October 31 was a day to be remembered: for the first time in the history of Brazil, a woman was elected president. When she takes office January 1, she will be Brazil’s first female leader: the leading light of Latin America’s biggest nation, a country in the midst of an economic and political rise.
Ms Rousseff was the preferred successor of President Lula, who is leaving after two terms with record popularity. As expected, once the votes were counted, thousands of supporters of the governing Workers’ Party (PT) took to the streets from the North to the South to celebrate her victory over José Serra.
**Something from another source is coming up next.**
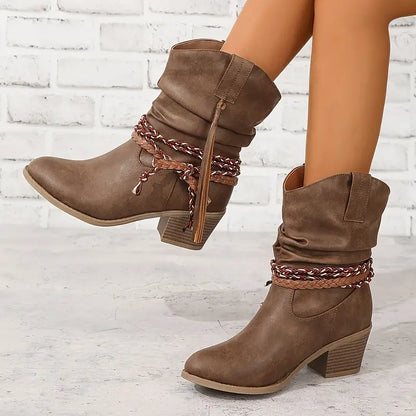 Herren Cowboy-Stiefel Rustikales Leder Braun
Dilma promised to “honour the trust” Brazilians had put in her. In her victory speech, she said her first priority would be to take 20 million Brazilians out of poverty.
Dilma Roussef will be the guide of a nation on the rise and which will be responsible for hosting the 2014 World Cup and the 2016 Summer Olympics as well. By this time, Brazil is expected to be the globe’s fifth-largest economy. That is why, as Lula´s candidate promises, the left-leaning policies of her mentor will be continued. According to the new president, the emphasis will persist in government efficiency, expanding the role of the state in some sectors such as mining, and improving the quality of the country’s infrastructure.
The daughter of a Bulgarian immigrant and a schoolteacher, Dilma became a socialist during her youth. She was captured and jailed between 1970 and 1972 and became a victim of the military dictatorship (she was reportedly tortured). Years later, as a graduated economist, she raised her way up through local and state governments. In 2003 she became part of Lula’s cabinet. From 2003 to 2005 she was Minister of Energy, a first step towards Chief of Staff, in which she remained in office until March 31, 2010 – when she left in order to run for President.